Sometimes these laws are cast as protection for the poor, ensuring that aid is steered in ways that will help them the most. Other times they're framed as protection for the taxpayer, who shouldn't be asked to help people who will squander the money on vices anyway.
But the logic behind the proposals is problematic in at least three, really big ways.
The first is economic: There's virtually no evidence that the poor actually spend their money this way. The idea that they do defies Maslow's hierarchy — the notion that we all need shelter and food before we go in search of foot massages. In fact, the poor are much more savvy about how they spend their money because they have less of it (quick quiz: do you know exactly how much you last spent on a gallon of milk? or a bag of diapers?). By definition, a much higher share of their income — often more than half of it — is eaten up by basic housing costs than is true for the better-off, leaving them less money for luxuries anyway. And contrary to the logic of drug-testing laws, the poor are no more likely to use drugs than the population at large.

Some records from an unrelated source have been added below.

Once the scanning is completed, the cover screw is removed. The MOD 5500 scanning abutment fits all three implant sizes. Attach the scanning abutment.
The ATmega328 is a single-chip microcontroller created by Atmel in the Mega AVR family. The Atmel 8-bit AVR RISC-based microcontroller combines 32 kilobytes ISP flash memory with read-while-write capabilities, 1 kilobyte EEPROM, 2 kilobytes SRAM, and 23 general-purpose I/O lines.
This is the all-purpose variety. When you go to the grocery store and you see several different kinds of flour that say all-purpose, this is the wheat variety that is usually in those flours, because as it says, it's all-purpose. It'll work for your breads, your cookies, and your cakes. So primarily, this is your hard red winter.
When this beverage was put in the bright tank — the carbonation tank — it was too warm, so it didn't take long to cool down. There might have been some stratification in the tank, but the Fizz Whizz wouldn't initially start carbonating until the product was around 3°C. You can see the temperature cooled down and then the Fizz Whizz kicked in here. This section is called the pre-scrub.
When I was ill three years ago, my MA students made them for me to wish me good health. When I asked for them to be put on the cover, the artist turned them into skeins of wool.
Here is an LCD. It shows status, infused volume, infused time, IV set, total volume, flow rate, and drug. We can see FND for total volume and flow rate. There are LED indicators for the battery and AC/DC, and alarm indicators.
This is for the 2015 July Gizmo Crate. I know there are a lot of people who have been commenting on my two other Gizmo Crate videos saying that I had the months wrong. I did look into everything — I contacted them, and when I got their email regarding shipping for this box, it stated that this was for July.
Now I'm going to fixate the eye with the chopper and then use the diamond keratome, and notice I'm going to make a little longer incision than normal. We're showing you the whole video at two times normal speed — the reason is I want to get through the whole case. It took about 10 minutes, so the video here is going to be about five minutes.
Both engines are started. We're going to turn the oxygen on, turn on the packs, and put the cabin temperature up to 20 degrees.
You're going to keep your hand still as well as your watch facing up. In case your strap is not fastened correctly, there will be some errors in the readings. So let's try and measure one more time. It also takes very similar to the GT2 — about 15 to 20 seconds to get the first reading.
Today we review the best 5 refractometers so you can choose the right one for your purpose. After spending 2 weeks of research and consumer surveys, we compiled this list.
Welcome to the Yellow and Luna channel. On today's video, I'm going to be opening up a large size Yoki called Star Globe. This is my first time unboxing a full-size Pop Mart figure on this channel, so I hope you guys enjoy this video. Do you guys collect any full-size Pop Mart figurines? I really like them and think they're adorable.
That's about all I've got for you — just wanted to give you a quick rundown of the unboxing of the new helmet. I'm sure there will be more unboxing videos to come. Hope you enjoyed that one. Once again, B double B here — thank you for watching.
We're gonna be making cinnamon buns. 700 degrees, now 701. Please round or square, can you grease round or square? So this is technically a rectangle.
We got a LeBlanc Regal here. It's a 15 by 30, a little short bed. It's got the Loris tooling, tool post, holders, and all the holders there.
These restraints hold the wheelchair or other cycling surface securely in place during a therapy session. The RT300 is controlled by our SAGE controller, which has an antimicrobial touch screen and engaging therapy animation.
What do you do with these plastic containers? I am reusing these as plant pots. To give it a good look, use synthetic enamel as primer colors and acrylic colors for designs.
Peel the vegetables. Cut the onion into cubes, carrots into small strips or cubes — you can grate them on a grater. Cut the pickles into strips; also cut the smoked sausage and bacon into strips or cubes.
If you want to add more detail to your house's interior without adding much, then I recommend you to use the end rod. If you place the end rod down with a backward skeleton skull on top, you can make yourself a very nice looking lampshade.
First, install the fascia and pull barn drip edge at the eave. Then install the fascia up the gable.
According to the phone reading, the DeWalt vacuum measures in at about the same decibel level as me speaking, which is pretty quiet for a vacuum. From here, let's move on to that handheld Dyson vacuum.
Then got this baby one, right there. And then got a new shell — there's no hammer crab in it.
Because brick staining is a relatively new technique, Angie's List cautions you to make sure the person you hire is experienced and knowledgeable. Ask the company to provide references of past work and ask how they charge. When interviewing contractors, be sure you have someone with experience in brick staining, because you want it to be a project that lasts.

The second issue with these laws is a moral one: We rarely make similar demands of other recipients of government aid. We don't drug-test farmers who receive agriculture subsidies (lest they think about plowing while high!). We don't require Pell Grant recipients to prove that they're pursuing a degree that will get them a real job one day (sorry, no poetry!). We don't require wealthy families who cash in on the home mortgage interest deduction to prove that they don't use their homes as brothels (because surely someone out there does this). The strings that we attach to government aid are attached uniquely for the poor.
That leads us to the third problem, which is a political one. Many, many Americans who do receive these other kinds of government benefits — farm subsidies, student loans, mortgage tax breaks — don't recognize that, like the poor, they get something from government, too. That's because government gives money directly to poor people, but it gives benefits to the rest of us in ways that allow us to tell ourselves that we get nothing from government at all.
Political scientist Suzanne Mettler has called this effect the "submerged state." Food stamps and welfare checks are incredibly visible government benefits. The mortgage interest deduction, Medicare benefits and tuition tax breaks are not — they're submerged. They come to us in round-about ways, through smaller tax bills (or larger refunds), through payments we don't have to make to doctors (thanks to Medicare), or in tuition we don't have to pay to universities (because the G.I. Bill does that for us).
Mettler's research has shown that a remarkable number of people who don't think they get anything from government in fact benefit from one of these programs. This explains why we get election-season soundbites from confused voters who want policymakers to "keep your government hands off my Medicare!" This is also what enables politicians to gin up indignation among small-government supporters who don't realize they rely on government themselves.
Mettler raises a lot of concerns about what the submerged state means for how we understand the role of government. But one result of this reality is that we have even less tolerance for programs that help the poor: We begrudge them their housing vouchers, for instance, even though government spends about four times as much subsidizing housing for upper-income homeowners.
That's a long-winded way of saying that these proposed laws — which insist that government beneficiaries prove themselves worthy, that they spend government money how the government wants them to, that they waive their privacy and personal freedom to get it — are also simply a reflection of a basic double-standard.